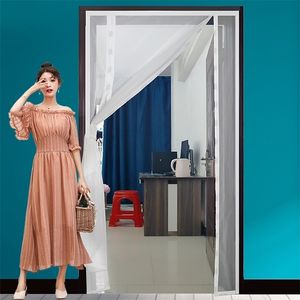 Sheer Curtains White Magnetic Curtain Anti Mosquito Net Door Window Screen Insect Mesh Custom Size Easy Installation Side Open Automatic Close 220830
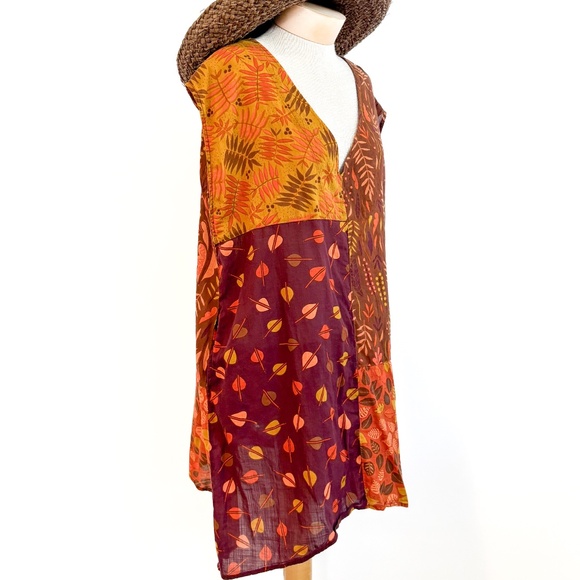 Gudrun Sjoden Organic Cotton Fall Leaf Print Tunic Kaftan Dress Medium Lagenlook - Picture 1 of 12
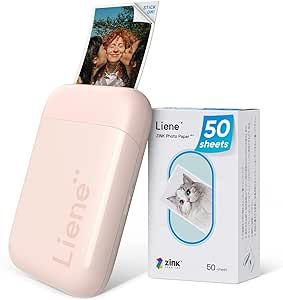 Liene Photo Printer, 2x3 Mini Instant Portable Color Mono Picture Printer w/ 50 Zink Adhesive Paper, Bluetooth 5.0, Compatible w/iOS & Android, Small Photo Printer for iPhone, Smartphones, Pink Small Photo Printer, Picture Printer, Smartphone Printer, Portable Photo Printer, Make A List, Portable Printer, Computer Camera, Instant Photos, Adhesive Paper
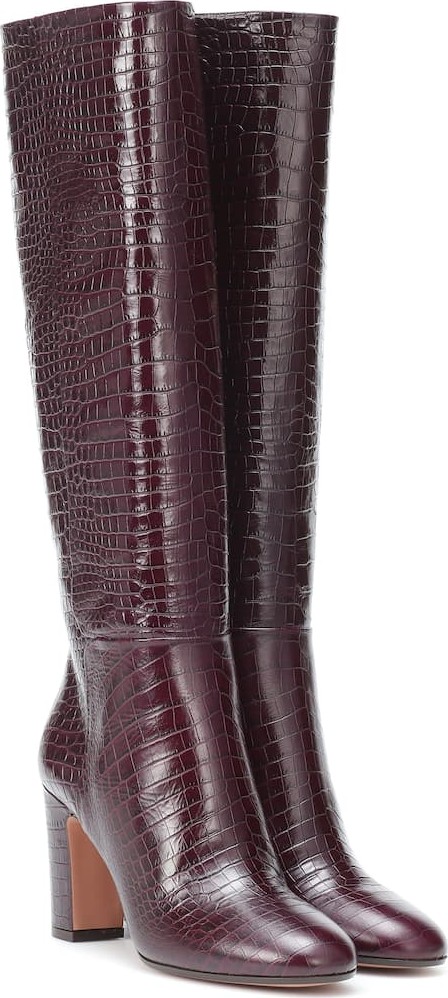 Aquazzura Brera 85 embossed leather boots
···
EXERCISE AIM:
Where a line contains "Liene Photo Printer, 2x3", begin there and set down exactly each line through the end of the data above, omitting any pictures.

EXERCISE ANSWER:
 Liene Photo Printer, 2x3 Mini Instant Portable Color Mono Picture Printer w/ 50 Zink Adhesive Paper, Bluetooth 5.0, Compatible w/iOS & Android, Small Photo Printer for iPhone, Smartphones, Pink Small Photo Printer, Picture Printer, Smartphone Printer, Portable Photo Printer, Make A List, Portable Printer, Computer Camera, Instant Photos, Adhesive Paper
 Aquazzura Brera 85 embossed leather boots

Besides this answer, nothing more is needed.